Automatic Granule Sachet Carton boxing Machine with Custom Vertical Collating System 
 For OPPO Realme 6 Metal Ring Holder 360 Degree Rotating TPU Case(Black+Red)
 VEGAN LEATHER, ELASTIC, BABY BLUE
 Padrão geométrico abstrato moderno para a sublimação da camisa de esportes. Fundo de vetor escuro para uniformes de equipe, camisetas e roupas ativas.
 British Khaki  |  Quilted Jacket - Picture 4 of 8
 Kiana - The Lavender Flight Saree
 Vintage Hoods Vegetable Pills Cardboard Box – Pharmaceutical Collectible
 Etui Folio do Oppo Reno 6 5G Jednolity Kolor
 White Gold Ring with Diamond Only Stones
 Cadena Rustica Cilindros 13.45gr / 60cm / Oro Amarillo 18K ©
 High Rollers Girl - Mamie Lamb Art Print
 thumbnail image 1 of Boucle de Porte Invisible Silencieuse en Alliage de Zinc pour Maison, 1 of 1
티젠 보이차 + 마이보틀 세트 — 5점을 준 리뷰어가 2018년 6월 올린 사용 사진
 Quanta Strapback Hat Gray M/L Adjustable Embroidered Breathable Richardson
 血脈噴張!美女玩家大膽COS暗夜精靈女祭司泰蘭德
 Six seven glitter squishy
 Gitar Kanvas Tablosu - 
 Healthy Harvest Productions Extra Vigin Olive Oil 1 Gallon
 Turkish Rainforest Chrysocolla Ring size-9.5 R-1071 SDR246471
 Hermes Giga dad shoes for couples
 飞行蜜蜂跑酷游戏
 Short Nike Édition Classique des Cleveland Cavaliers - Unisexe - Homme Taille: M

> The problem: Every line in the material above that has the word "Ring" should be copied.

> Result:
 For OPPO Realme 6 Metal Ring Holder 360 Degree Rotating TPU Case(Black+Red)
 White Gold Ring with Diamond Only Stones
 Turkish Rainforest Chrysocolla Ring size-9.5 R-1071 SDR246471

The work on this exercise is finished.